_Provided records_.
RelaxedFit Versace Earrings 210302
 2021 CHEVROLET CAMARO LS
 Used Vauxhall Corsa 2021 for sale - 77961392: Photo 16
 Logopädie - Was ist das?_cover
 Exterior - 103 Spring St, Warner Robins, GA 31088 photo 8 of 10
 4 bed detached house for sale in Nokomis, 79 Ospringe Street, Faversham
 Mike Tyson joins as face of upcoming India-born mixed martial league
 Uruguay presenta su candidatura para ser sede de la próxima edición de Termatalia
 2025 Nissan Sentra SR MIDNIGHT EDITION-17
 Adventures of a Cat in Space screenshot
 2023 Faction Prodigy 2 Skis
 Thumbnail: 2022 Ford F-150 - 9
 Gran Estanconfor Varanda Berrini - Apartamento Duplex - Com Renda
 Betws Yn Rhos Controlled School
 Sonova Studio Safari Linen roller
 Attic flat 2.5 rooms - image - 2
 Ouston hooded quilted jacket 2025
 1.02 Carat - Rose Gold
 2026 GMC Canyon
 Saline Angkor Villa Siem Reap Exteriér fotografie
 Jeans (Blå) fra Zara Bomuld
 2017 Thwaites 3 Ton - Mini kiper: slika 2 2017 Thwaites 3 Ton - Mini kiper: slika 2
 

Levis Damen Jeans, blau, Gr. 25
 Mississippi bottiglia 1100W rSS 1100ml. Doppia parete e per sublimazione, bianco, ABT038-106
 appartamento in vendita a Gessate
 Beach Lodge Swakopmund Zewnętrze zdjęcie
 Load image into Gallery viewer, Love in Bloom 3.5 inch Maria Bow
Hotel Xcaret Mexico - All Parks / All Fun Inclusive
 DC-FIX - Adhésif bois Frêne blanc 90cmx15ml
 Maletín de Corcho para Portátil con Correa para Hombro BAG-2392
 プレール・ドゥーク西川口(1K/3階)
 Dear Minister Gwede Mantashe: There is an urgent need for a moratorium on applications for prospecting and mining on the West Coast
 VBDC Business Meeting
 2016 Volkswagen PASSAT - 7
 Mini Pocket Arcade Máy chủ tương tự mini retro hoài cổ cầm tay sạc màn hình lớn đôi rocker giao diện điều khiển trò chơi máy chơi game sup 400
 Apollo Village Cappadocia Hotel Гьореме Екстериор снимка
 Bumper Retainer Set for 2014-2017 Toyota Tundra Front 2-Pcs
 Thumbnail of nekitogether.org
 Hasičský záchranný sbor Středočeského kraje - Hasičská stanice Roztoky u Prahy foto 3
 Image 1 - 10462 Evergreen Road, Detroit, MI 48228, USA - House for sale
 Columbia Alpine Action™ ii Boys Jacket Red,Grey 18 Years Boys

_Exercise_. Please copy, exactly as written, every line in the listing above from the line with "Hotel Xcaret Mexico" up to and including the line with "Apollo Village Cappadocia".

_Output for this task_.
Hotel Xcaret Mexico - All Parks / All Fun Inclusive
 DC-FIX - Adhésif bois Frêne blanc 90cmx15ml
 Maletín de Corcho para Portátil con Correa para Hombro BAG-2392
 プレール・ドゥーク西川口(1K/3階)
 Dear Minister Gwede Mantashe: There is an urgent need for a moratorium on applications for prospecting and mining on the West Coast
 VBDC Business Meeting
 2016 Volkswagen PASSAT - 7
 Mini Pocket Arcade Máy chủ tương tự mini retro hoài cổ cầm tay sạc màn hình lớn đôi rocker giao diện điều khiển trò chơi máy chơi game sup 400
 Apollo Village Cappadocia Hotel Гьореме Екстериор снимка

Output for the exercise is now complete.